Lectura: «Los días perfectos». Jacobo Bergareche

Luis, un periodista cansado de su trabajo y su matrimonio, planea asistir a un congreso en Austin, Texas. El viaje es una mera coartada para encontrarse brevemente con Camila, quien se ha convertido en el único aliciente de su vida. Pero cuando está a punto de partir, recibe un mensaje suyo: «Dejémoslo aquí, quedémonos el recuerdo». Desconsolado y sin saber qué hacer en Austin, se refugia en un archivo de la universidad, donde se topa casualmente con unas cartas de William Faulkner a su amante Meta Carpenter. La lectura de esta larga correspondencia lo ayuda a reconstruir el recuerdo de su aventura amorosa y a reflexionar sobre su tedioso matrimonio, pero también a preguntarse cómo hay que vivir para lograr que cada día valga la pena. 
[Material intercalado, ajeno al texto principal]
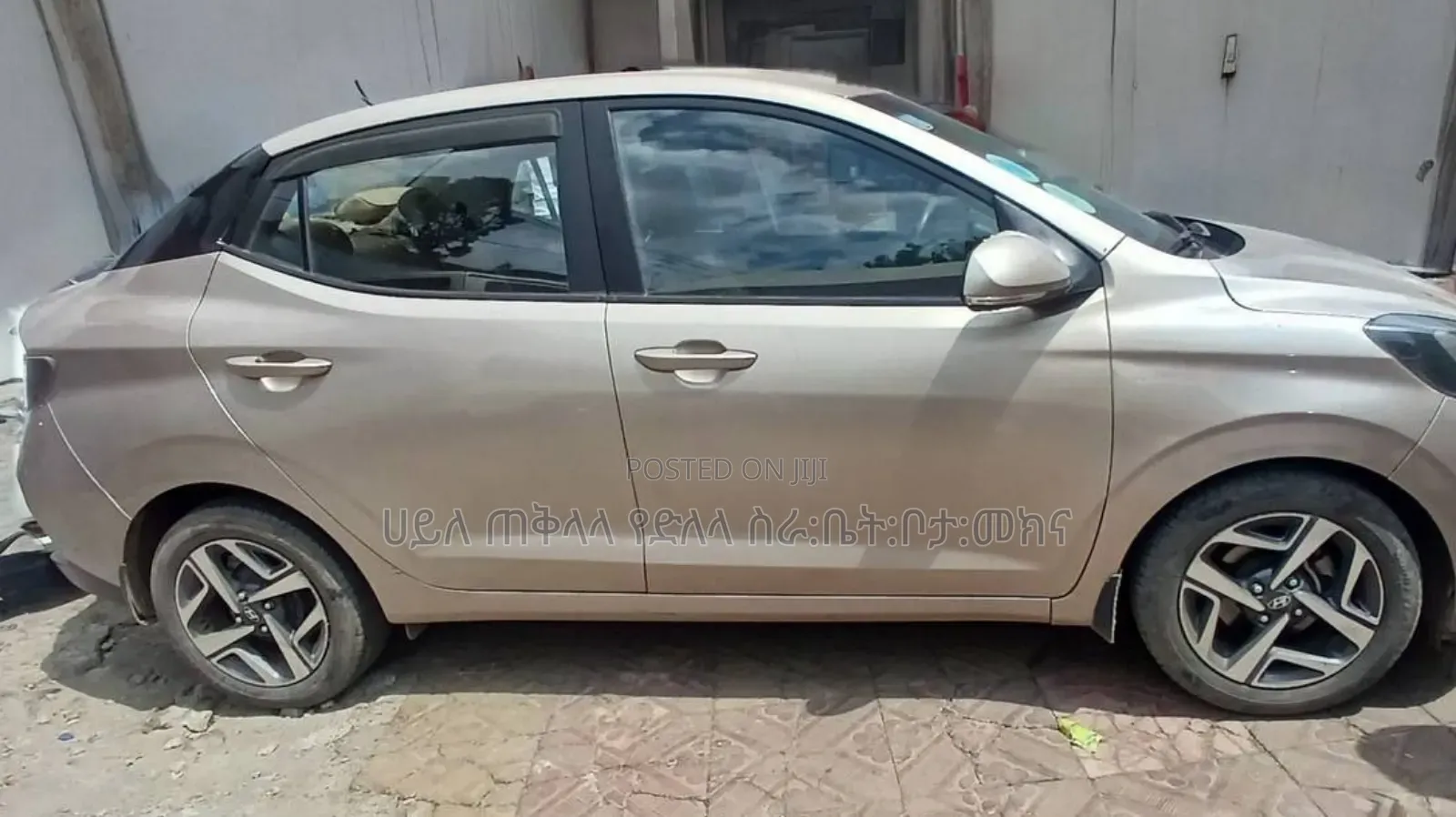 Hyundai I10 2022 Gold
Con altas dosis de verdad y humor y una enorme fuerza narrativa, Jacobo Bergareche arrastra al lector en esta singular y cautivadora novela que explora de forma universal la fiebre del enamoramiento y la inevitable rutina de las relaciones de largo recorrido. Un libro cuya excepcional solidez y originalidad revelan la madurez literaria del autor.
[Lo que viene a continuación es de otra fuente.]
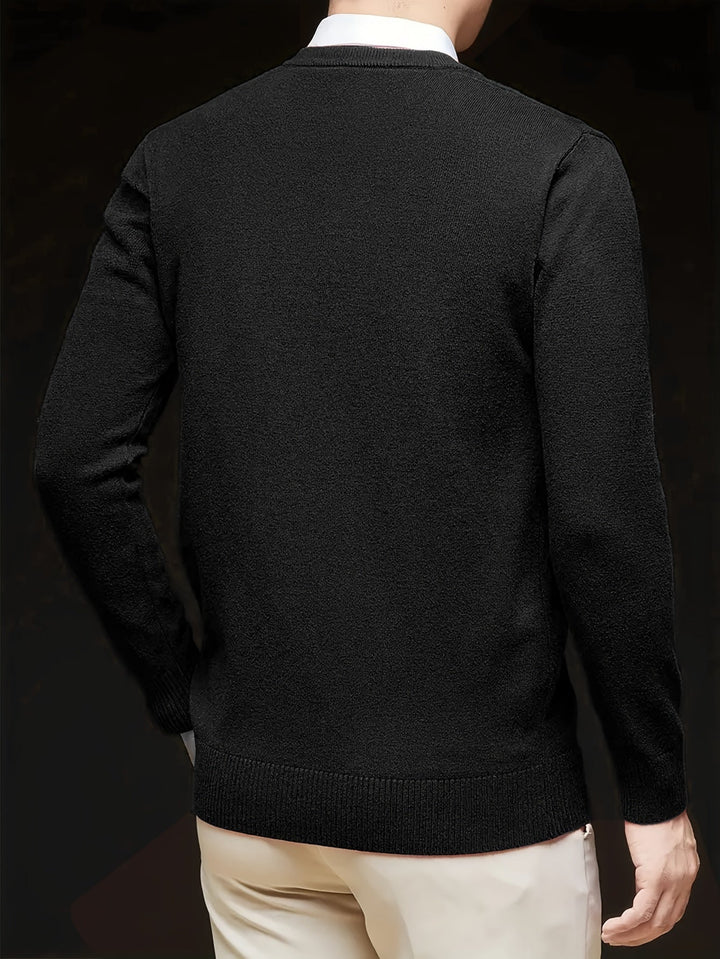 Hugh | Refined V-Neck Sweater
(Contraportada de Ed. Libros del Asteroide)


Textos

Mientras escribo esto, me cabe la duda de si en realidad solo nos enamoramos de nosotros mismos enamorados, si lo que de verdad temo perder es la posibilidad de ser la persona que estaba enamorada de ti, esa persona que puede hacer, decir y sentir las cosas que hace, dice y siente una persona enamorada. Es una duda razonable, después de todo solo he pasado contigo siete días en total, o más exactamente, tres días, seguidos de un año de ausencia, y otros cuatro días, seguidos de otro año de una ausencia que debería haber terminado ayer mismo, con un épico reencuentro en un aeropuerto. Es preciso contar también el tiempo sin ti, porque también la ausencia le ha dado forma a lo nuestro, igual que el silencio se lo da a la música, y la sombra a la pintura.
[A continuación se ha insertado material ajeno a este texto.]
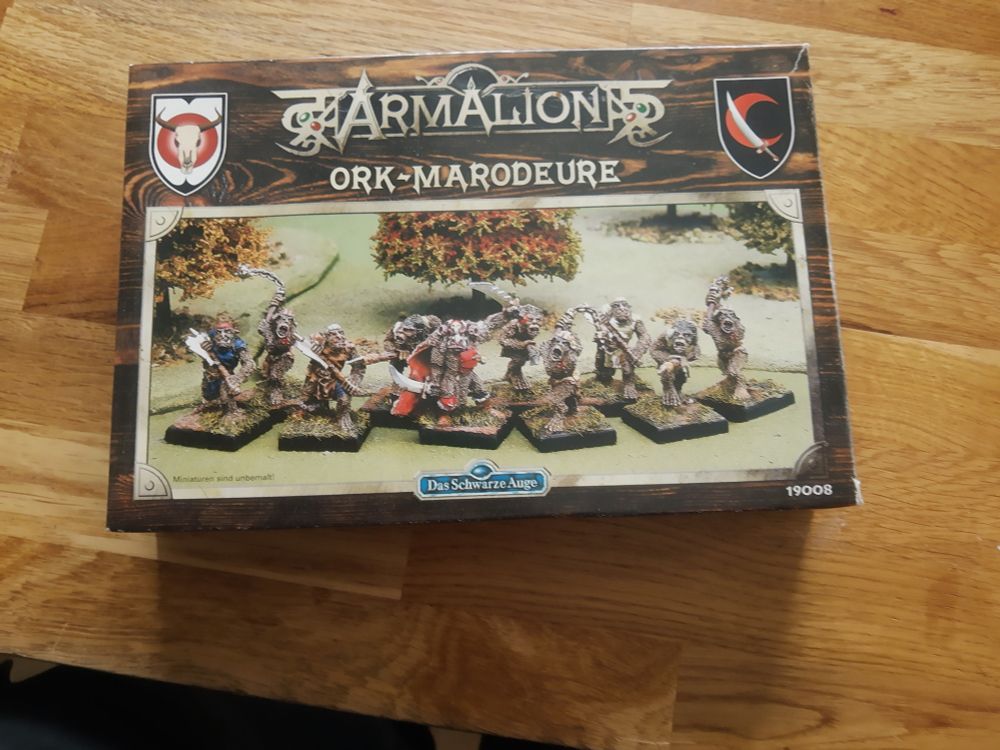 Box Armalion Orks I found while searching for bits to use on the cavalry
Es importante el disfraz. La etiqueta. Te permite ser otro, prepara para la ocasión, la distingue, nos da la oportunidad de elaborar un ritual, solemnizar un día cualquiera, convertirlo en un tiempo especial, nos hace hablar de otro modo, movernos con nuevos movimientos, acceder a la posibilidad de otro yo. Odio con una inquina profunda a esas personas que desprecian los trajes, las corbatas, la sotana, la mitra, el esmoquin, y que se visten igual en todas las situaciones para insistir en su campechanía, en su autenticidad. España está llena de una nueva generación de políticos que han hecho de los tejanos y la camisa de cuadros un uniforme para todas las ocasiones, el mensaje es: yo soy como vosotros, no me disfrazo, soy siempre igual, soy auténtico, no me elevo sobre la plebe con una corbata. No han entendido nada, son solo auténticos en su imbecilidad. Hay que disfrazarse en cuanto uno vea llegar la ocasión, transitar de un yo a un otro yo, hasta hallar el yo preciso para la ocasión, para hacer de la ocasión todo lo que la ocasión puede llegar a ser. El hábito hace al monje, es lo imprescindible para que el monje se crea que lo es y actúe como tal. Lo tengo claro desde pequeño, me acuerdo de ir al cuarto de mi hermana mayor cuando había salido y ponerme su ropa interior, una falda, y sentir que era otra persona y ponerme a bailar, a cantar, a posar ante el espejo y ser capaz de moverme y de hablar de otra manera. Me acuerdo también de ponerme el traje de monaguillo de mi primo, y sentir que podía hablar con Dios de tú a tú, y de ponerme el vestido de azafata de Iberia de mi tía un domingo, y de servir café a toda la familia como si estuviéramos volando a Nueva York. Todo empieza con un buen disfraz.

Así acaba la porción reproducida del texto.